(Scraped caption text data)
BEGIN

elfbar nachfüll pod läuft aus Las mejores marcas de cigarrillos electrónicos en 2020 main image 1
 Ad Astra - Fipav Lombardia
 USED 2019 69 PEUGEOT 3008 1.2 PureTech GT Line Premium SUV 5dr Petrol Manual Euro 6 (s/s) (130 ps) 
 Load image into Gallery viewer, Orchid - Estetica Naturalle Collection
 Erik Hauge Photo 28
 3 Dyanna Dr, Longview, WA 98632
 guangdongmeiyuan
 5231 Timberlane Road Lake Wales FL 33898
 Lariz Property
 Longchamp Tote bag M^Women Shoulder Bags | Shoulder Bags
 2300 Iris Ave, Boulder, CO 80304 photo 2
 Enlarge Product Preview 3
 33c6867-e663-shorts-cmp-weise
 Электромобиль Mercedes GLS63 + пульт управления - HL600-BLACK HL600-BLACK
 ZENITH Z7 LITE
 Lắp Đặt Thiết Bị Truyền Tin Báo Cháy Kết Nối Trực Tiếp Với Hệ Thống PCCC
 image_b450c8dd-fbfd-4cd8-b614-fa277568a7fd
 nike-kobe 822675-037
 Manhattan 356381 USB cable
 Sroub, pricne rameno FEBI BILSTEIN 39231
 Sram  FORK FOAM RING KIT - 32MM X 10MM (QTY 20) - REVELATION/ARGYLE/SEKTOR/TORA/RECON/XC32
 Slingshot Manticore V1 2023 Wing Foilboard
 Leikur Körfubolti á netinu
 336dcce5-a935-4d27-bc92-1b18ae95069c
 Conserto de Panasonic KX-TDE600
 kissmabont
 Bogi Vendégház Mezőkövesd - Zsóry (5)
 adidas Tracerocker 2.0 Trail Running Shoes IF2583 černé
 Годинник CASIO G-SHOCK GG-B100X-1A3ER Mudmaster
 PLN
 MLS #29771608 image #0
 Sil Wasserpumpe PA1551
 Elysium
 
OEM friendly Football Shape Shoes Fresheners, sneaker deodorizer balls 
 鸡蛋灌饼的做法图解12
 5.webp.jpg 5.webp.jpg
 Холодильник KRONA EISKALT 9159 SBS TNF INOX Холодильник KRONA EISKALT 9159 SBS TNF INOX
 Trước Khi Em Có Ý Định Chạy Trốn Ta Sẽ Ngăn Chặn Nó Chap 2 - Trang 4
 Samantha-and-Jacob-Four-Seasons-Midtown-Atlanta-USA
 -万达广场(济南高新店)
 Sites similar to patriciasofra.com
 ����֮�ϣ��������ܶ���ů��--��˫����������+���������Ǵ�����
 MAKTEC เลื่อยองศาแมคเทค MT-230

END

Task statement = Quote the data above from the line containing "guangdongmeiyuan" to the line containing "Samantha-and-Jacob-Four-Seasons-Midtown-Atlanta-USA", inclusive, and stop.

Answer to this task =
 guangdongmeiyuan
 5231 Timberlane Road Lake Wales FL 33898
 Lariz Property
 Longchamp Tote bag M^Women Shoulder Bags | Shoulder Bags
 2300 Iris Ave, Boulder, CO 80304 photo 2
 Enlarge Product Preview 3
 33c6867-e663-shorts-cmp-weise
 Электромобиль Mercedes GLS63 + пульт управления - HL600-BLACK HL600-BLACK
 ZENITH Z7 LITE
 Lắp Đặt Thiết Bị Truyền Tin Báo Cháy Kết Nối Trực Tiếp Với Hệ Thống PCCC
 image_b450c8dd-fbfd-4cd8-b614-fa277568a7fd
 nike-kobe 822675-037
 Manhattan 356381 USB cable
 Sroub, pricne rameno FEBI BILSTEIN 39231
 Sram  FORK FOAM RING KIT - 32MM X 10MM (QTY 20) - REVELATION/ARGYLE/SEKTOR/TORA/RECON/XC32
 Slingshot Manticore V1 2023 Wing Foilboard
 Leikur Körfubolti á netinu
 336dcce5-a935-4d27-bc92-1b18ae95069c
 Conserto de Panasonic KX-TDE600
 kissmabont
 Bogi Vendégház Mezőkövesd - Zsóry (5)
 adidas Tracerocker 2.0 Trail Running Shoes IF2583 černé
 Годинник CASIO G-SHOCK GG-B100X-1A3ER Mudmaster
 PLN
 MLS #29771608 image #0
 Sil Wasserpumpe PA1551
 Elysium
 
OEM friendly Football Shape Shoes Fresheners, sneaker deodorizer balls 
 鸡蛋灌饼的做法图解12
 5.webp.jpg 5.webp.jpg
 Холодильник KRONA EISKALT 9159 SBS TNF INOX Холодильник KRONA EISKALT 9159 SBS TNF INOX
 Trước Khi Em Có Ý Định Chạy Trốn Ta Sẽ Ngăn Chặn Nó Chap 2 - Trang 4
 Samantha-and-Jacob-Four-Seasons-Midtown-Atlanta-USA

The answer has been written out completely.